Наша коммуналка была далеко не самой худшей. Мне довелось повидать и похуже: коммуналки коридорного типа с огромным количеством жильцов при одной, не всегда большой кухне, одном же туалете, а иногда и с «удобствами во дворе». В сравнении с ними, наша представляла собой «дворец».

Раньше, «до торжества исторического материализма», она была отдельной квартирой, с парадным на Невский и «черным» (во двор) ходами. Кухня, даже с дровяником в ней, большой плитой посредине, не создавала ощущения тесноты ни сразу после вой­ны, ни позже, когда ее заставили газовыми плитами, столами и шкафчиками каждой из семей. И прихожая была не маленькой. И полы в ней, в общем коридоре, в комнатах долго оставались паркетными. Паркет — явно состарившийся, но не сожженный в блокадные зимы. Дежурившие по очереди жильцы натирали его мастикой после мытья.

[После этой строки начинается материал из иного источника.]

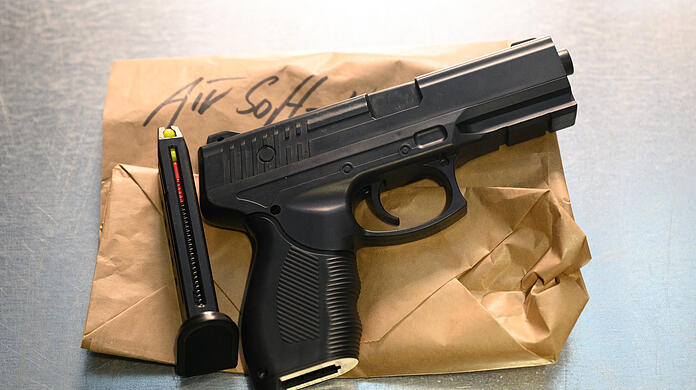 Von einer echten  Pistole kaum zu unterscheiden: Eine als Tatmittel sichergestellte Softairwaffe in der Asservatenkammer der Polizei Dresden. Sie wurde einst bei einem 14-Jährigen konfisziert, die der Jugendliche mit sich führte.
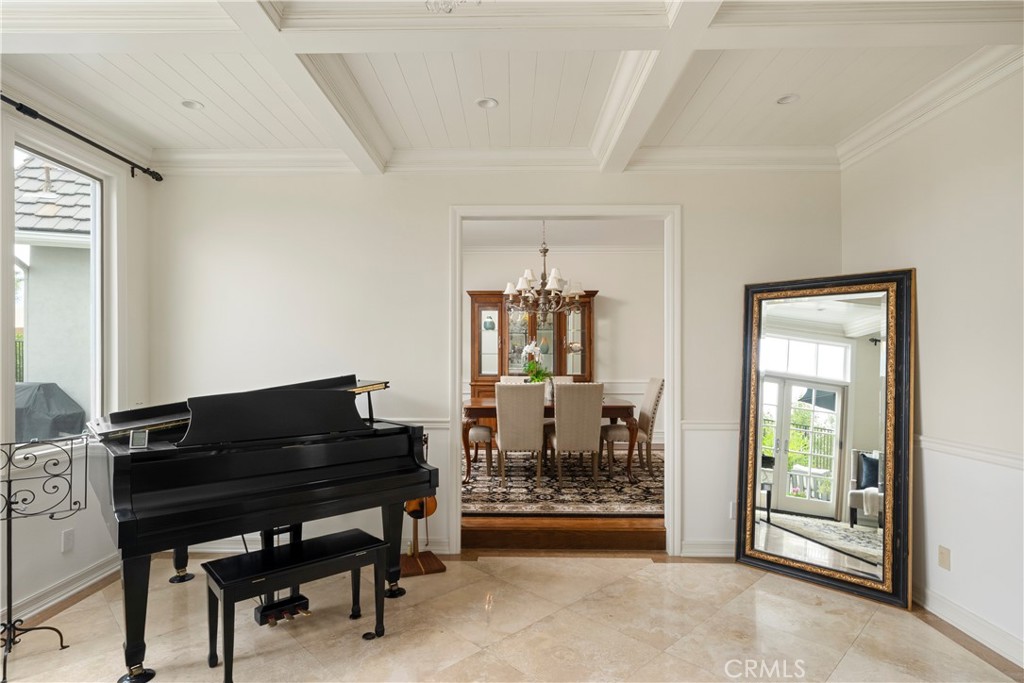 22187 Westcliff Property Photo 7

Ванная комната с колонкой и 180 см ванной, пожелтевшей от времени, и — аж два туалета, что спасало от очереди утром.

До того как провели паровое отопление, помещения отапливались печками-­голландками. У нас была круглая, обитая гофрированным железом, у соседей — изразцовые.

Квартира, в которой последней, согласно легенде, жила одна семья академика Карпинского, потом оказалась перестроенной, перегороженной. Нетронутым некоторое время оставался зал у одних соседей, в котором мы с соседским мальчиком, моим погодком, иногда играли в настольный теннис. В прежнем состоянии была и наша комната, бывшая комната прислуги, примыкавшая к кухне, 27 кв. м, с одним огромным итальянским окном, выходящим во двор-колодец.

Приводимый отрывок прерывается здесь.